Graph Algorithms¶
Groggy ships 11 native algorithms implemented in Rust, exposed through the Python API. Everything runs on subgraphs (views of your graph), writes results back as attributes, and works with the Batch Executor for the heavy iterative cases.
- Centrality: PageRank, Betweenness, Closeness
- Community: Label Propagation (LPA), Louvain, Leiden, Connected Components
- Pathfinding/Traversal: BFS, DFS, Dijkstra, A*
How to Run¶
Use the algorithm handles from groggy.algorithms.* and apply them to a graph view or subgraph:
from groggy.algorithms import centrality, community, pathfinding
sg = graph.view() # or any Subgraph
result = sg.apply(centrality.pagerank(damping=0.9, max_iter=50))
# Results are written as node attributes on the returned Subgraph
scores = result.nodes["pagerank"]
Patterns:
- One-off run: subgraph.apply(algo_handle)
- Pipelines: graph.pipeline([algo1, algo2])(subgraph)
- Builder DSL: use builder.iterate() for custom loops; native algorithms already use the Batch Executor when applicable.
Performance Snapshot¶
| Algorithm | Notes | Batch Executor effect |
|---|---|---|
| PageRank | Iterative centrality | ~100x faster (1000 nodes, 100 iters) |
| LPA | Iterative community | ~40x faster (10000 nodes) |
| Louvain / Leiden | Iterative refinement | Benefit from batched steps |
| BFS / DFS | Single-pass traversal | Linear in V+E |
| Dijkstra | Weighted shortest paths | O((V+E) log V) |
| A* | Goal-directed shortest paths | Faster than Dijkstra with a good heuristic |
Known drift: PageRank can show ~5–6% numerical drift after 100+ iterations; practical usage (10–20 iterations) is stable.
When to Use What¶
- PageRank: importance ranking on directed or undirected graphs; personalize with a node attribute when needed.
- Betweenness: highlight bridge nodes that sit on many shortest paths.
- Closeness: favor nodes that are on average near all others (per connected component).
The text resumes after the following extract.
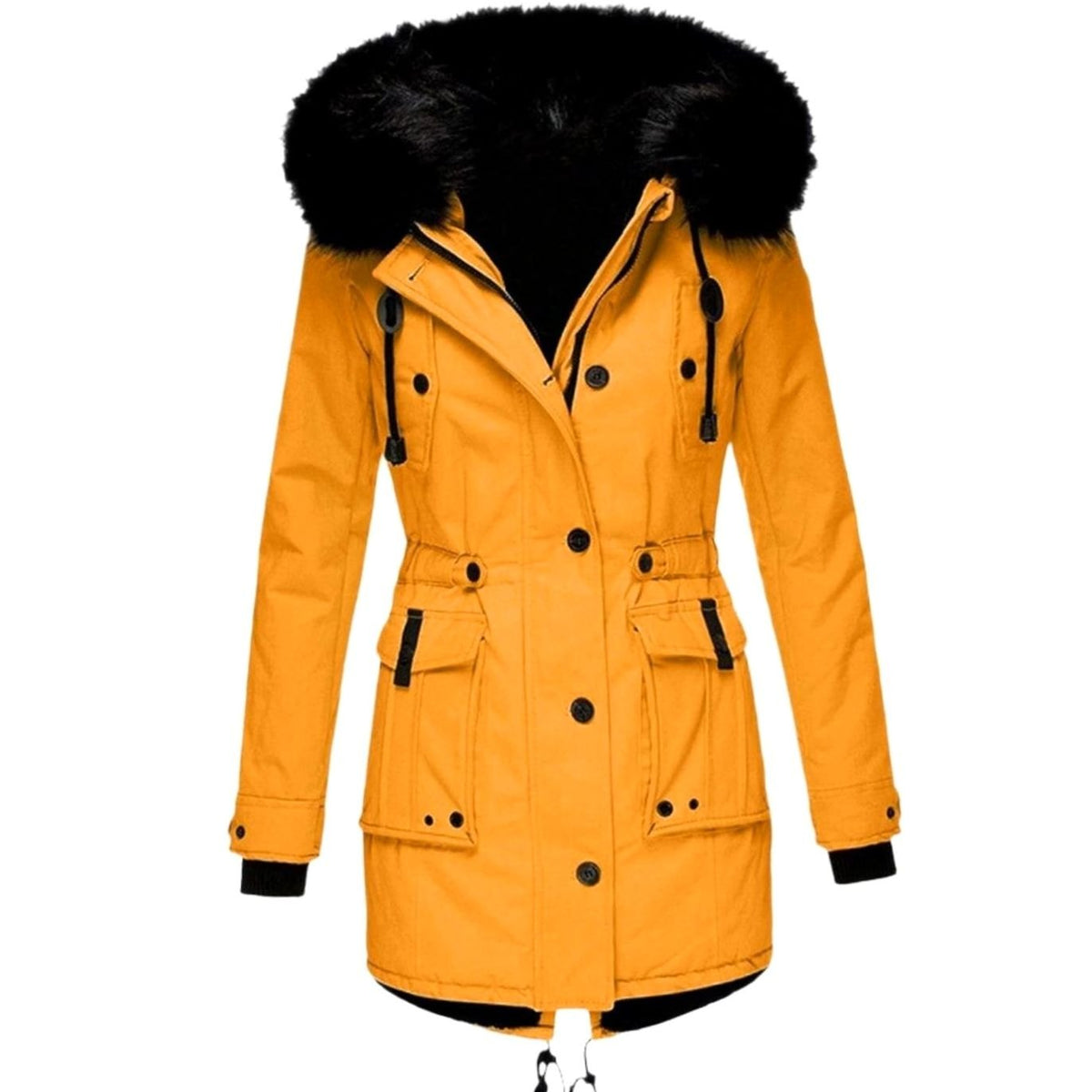 Women's Faux-Fur-Trimmed Coat in Gold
- LPA: fast, parameter-light community detection; good for exploratory clustering.
- Louvain: modularity-optimizing communities; balanced speed and quality.
- Leiden: higher-quality, well-connected communities; better for production clustering.
- Connected Components: quickly partition or label disconnected regions (undirected, weak, or strong).
- BFS / DFS: traversals and unweighted distances; BFS for shortest paths, DFS for deep exploration/cycle detection.
- Dijkstra: weighted single-source shortest paths; use when you have edge weights.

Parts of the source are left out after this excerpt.